At the same time, S&P raised the issue-level rating on Iridium's
senior secured debt to 'BB' from 'BB-'. The '2' recovery rating
indicates its expectation substantial (70%-90%; rounded estimate:
75%) recovery in the event of a payment default.

The stable outlook reflects S&P's expectation for healthy top-line
growth and modest margin expansion based on favorable trends in
internet of things (IoT) and maritime broadband, which supports
increased earnings and strong free operating cash flow (FOCF)
generation although upside is limited by the potential for
debt-financed shareholder returns that could push leverage up to
3.5x over time.

The upgrade reflects Iridium's improved leverage on the back of
higher earnings and healthy FOCF.

Iridium's full-year 2022 revenue and reported EBITDA grew 17% and
12% year over year, driven by higher handset revenue, increased
engineering revenue from a new contract award, and broad-based
growth in its commercial service revenue, including IoT, maritime
broadband, and voice and data. At the same time, the company
generated healthy FOCF of about $270 million, which combined with
its sizable cash balance, enabled it to prepay $100 million of its
debt in the fourth quarter of 2022, despite increased share buyback
activity. As a result, Iridium's S&P Global Ratings-adjusted
leverage improved to 3.5x at year-end 2022 from 4.2x as of Dec. 31,
2021.

S&P expects growth trends to remain favorable over the immediate
term.

Strong IoT and maritime broadband subscriber growth will likely
result in healthy service revenue growth in the 8%-10% range over
the next couple years. IoT subscribers and revenue grew 21% and 13%
in 2022. S&P said, "We expect Iridium to continue its solid growth
trajectory in IoT with new and competitively priced products given
strong demand for consumer personal communications devices driven
by Garmin and Zoleo. Meanwhile, Iridium's broadband service grew
its subscriber count by 14% and its revenue by 19% in 2022 as the
company continued to take market share in maritime with new
lower-cost and higher-speed data offerings. We expect Iridium to
continue to take significant share in the long (L)-band maritime
market, which is often used for very small aperture terminal (VSAT)
backup. Iridium has adopted a more agile approach than Inmarsat
whose organizational focus appears to be on growing its
higher-speed Kurtz-above (Ka)-band service. We believe Iridium
benefits from a clean wholesale strategy that is reseller friendly
with key original equipment manufacturer (OEM) relationships, in
addition to lower prices and a superior lower-latency secure
constellation design." Finally, its voice and data business, which
has historically been viewed as a mature segment with stable
trends, is benefiting from ongoing adoption of higher quality
products such as Iridium's push-to-talk service.
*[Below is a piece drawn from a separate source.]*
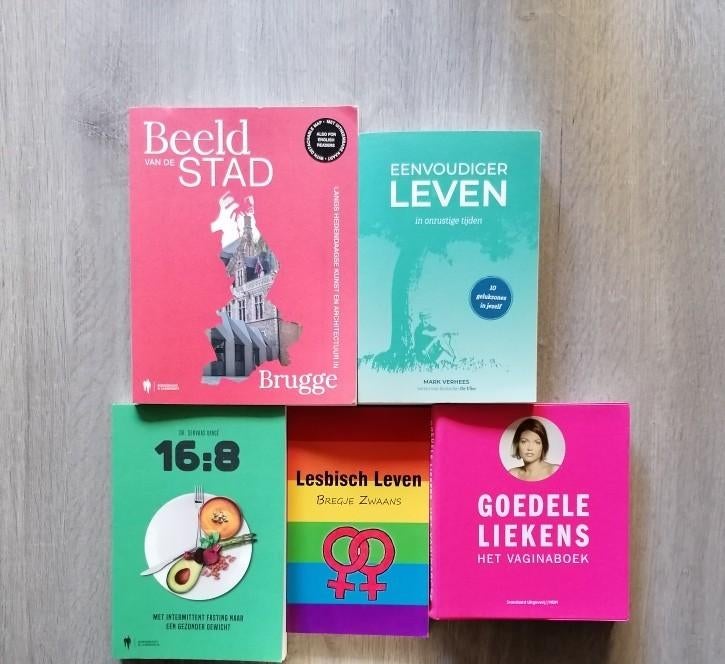 Lot Boeken - Filosofie, Ophalen of Verzenden, Gelezen, Algemeen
Despite increased earnings and FOCF, S&P expects share repurchases
and dividends will keep net leverage within the company's target
range of 2.5x-3.5x.

Iridium will be on a capital expenditure (capex) holiday until at
least 2030 following the completion of its NEXT satellite
constellation in 2019. S&P said, "Therefore, we expect consistent
top-line growth and margin expansion from increased operating
leverage to result in a long runway of solid FOCF generation of
$300 million-$450 million annually through 2027. However, we
believe the company will engage in share repurchases and dividends
to keep net leverage in the 2.5x-3.5x range. As of Dec. 31, 2022,
the company had $180 million remaining under its $300 million share
repurchase program, which runs through the end of 2023. The company
also initiated a quarterly dividend in late 2022. We expect Iridium
will use a combination of share repurchases and dividends to
maintain net leverage in its target range of 2.5x-3.5x. The
company's net leverage was 3.2x as of Dec. 31, 2022."

Joint venture partner Aireon is benefiting from the recovery in
global air travel, although the timing for when it will be able to
redeem a portion of Iridium's ownership stake is still unclear.
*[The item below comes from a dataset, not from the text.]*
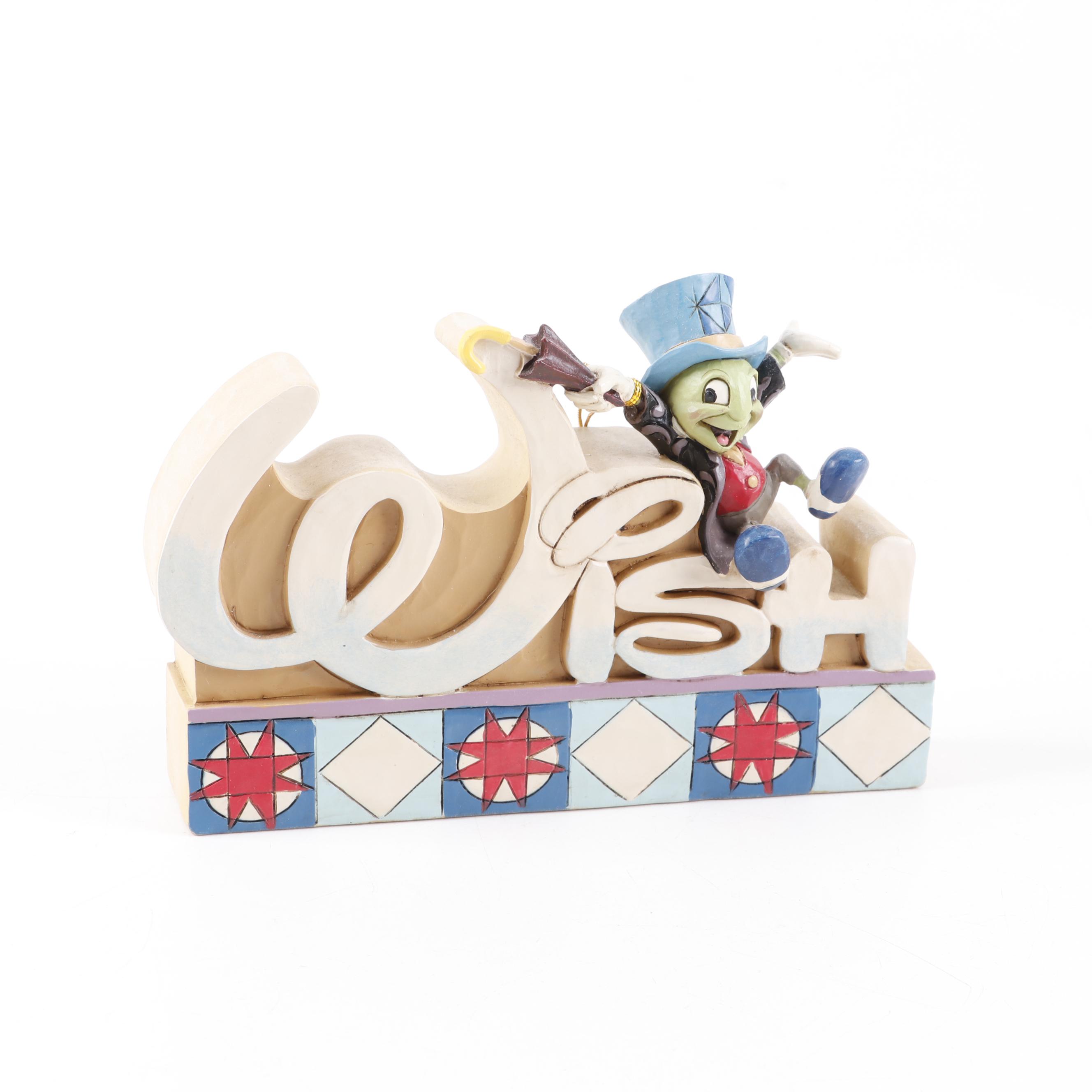 Walt Disney Jiminy Cricket Figurines from "Pinocchio"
Aireon is required to redeem a portion of Iridium's common
ownership interest for $120 million, if and when funds become
available, which will dilute Iridium's ownership stake to 27% (from
about 40%). Although Aireon is generating positive cash flow as
aviation traffic rebounds from the pandemic, it needs to refinance
its debt due to restrictions under its existing debt facility to
redeem part of Iridium's common ownership in the joint venture,
which is unlikely for several years. Similarly, Iridium expects to
receive the balance of any unpaid hosting fees (about $122 million
as of Dec. 2022) once Aieron refinances. Aireon is expected to pay
its minimum contractual hosting fees of $16 million and data
service and power fees of about $25 million to Iridium in 2023. S&P
said, "Due to the uncertainty around timing of the larger lump sum
payments, we do not incorporate them into our base case. However,
we continue to believe Aireon will be the primary source of growth
for Iridium's aviation business as contractual step-ups increase
data service fees over time."

S&P said, "The stable outlook reflects our expectation for healthy
top-line growth and modest margin expansion based on favorable
trends in IoT and maritime broadband which supports increased
earnings and strong FOCF generation. Although the company will
engage in share repurchases and dividends, leverage will be
supportive of the rating, in the 3x-3.5x range over the next year.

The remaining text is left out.